Bioinformatics Data Skills

Assignment 7

You will be creating some SLURM scripts that will run on the UofU CHPC Cluster.

1. Read through Chapter 4 at least twice

2. Watch the first 6 videos in the CHPC series in the course website resources

3. Write and submit the following 3 jobs via SLURM scripts:

Each of these three jobs should be self-contained SLURM scripts that you submit to the “kingspeak-shared” cluster

Job 1: Testing this out

Resources = 1 core, 1 minute of wall time, 10 Mb of memory
Task:
```
cat <(ls -l1 ~) 
```

Job 2: Downloading surface glycoprotein sequences

Resources = 1 core, 30 minutes of wall time, 6400 Mb of memory
Tasks:
1. Download and setup the NCBI datasets program we used before
2. Use datasets to download just the sars-cov-2 genomes deposited since 01/01/2023, extracting the CDS (CoDing Sequences)
- That command should look like…
```
PATH/TO/datasets download virus genome taxon sars-cov2 --include cds --filename sars-cov2.zip --released-after 01/01/2023 --annotated --complete-only
```

Extract and format the nucleotide sequences for just the “surface glycoprotein” CDS
Calculate the number of sequences you downloaded
Calculate the number of unique nucleotide variants for that gene

Job 3: Clustering those sequences

Resources = 12 cores, 4 hours of wall time (to start with, at least…increase if necessary), 28000 Mb of memory
Modules = vsearch/040218

Tasks:

Run the following program on the cds.fna file of surface glycoproteins (tweak file names/paths if necessary)

     vsearch --cluster_fast surface_glycoproteins.fasta -id 0.97 --centroids centroids.fasta --consout consensus.fasta --msaout msa.fasta --profile cluster_profiles.txt

     cat centroids.fasta | grep "^>" > centroid_ids.txt

     grep -Fwf centroid_ids.txt cds.fna

This vsearch program is clustering the nucleotide sequences based on similarity. In other words, it’s finding groups of nucleotide variants that are at least 97% similar to each other, and then profiling the makeup of these clusters at each nucleotide position. This is useful for several applications… Firstly, if you have 9999 identical sequences and 1 that has a single nucleotide change, that could be real, or it could be a sequencing error. Secondly, it’s performing an alignment step that can be useful for downstream processes. Thirdly, these clusters represent sequence similarity and we can get a quick feel for diversity in this locus, including where the clusters are geographically.
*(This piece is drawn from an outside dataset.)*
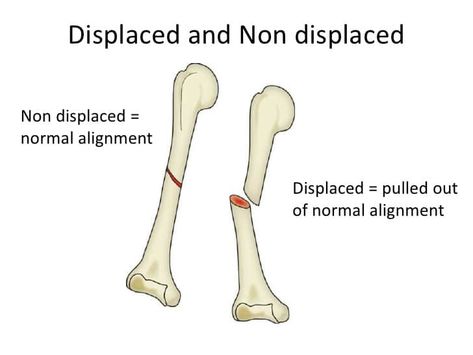 Children are being forced to stay at homes due to the pandemic situation we ve got at the current mo ... Open Fracture, Fracture Healing, Bone Healing, Hyperactive Kids, Bone Grafting, Bone Fracture, Musculoskeletal System, Icd 10, Human Bones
The second 2 lines of that script will return the full sequence names for the representative sequences of each identified cluster. Those full names have location information embedded in them!

Each of these 3 jobs will produce an outfile containing STDOUT.

What to turn in:

Your 3 SLURM scripts, concatenated into a single plantext file.
Your 3 outfiles, concatenated into a single plantext file.

Upload those plain-text files to Canvas. You’ll be graded on completeness, documentation, and readability.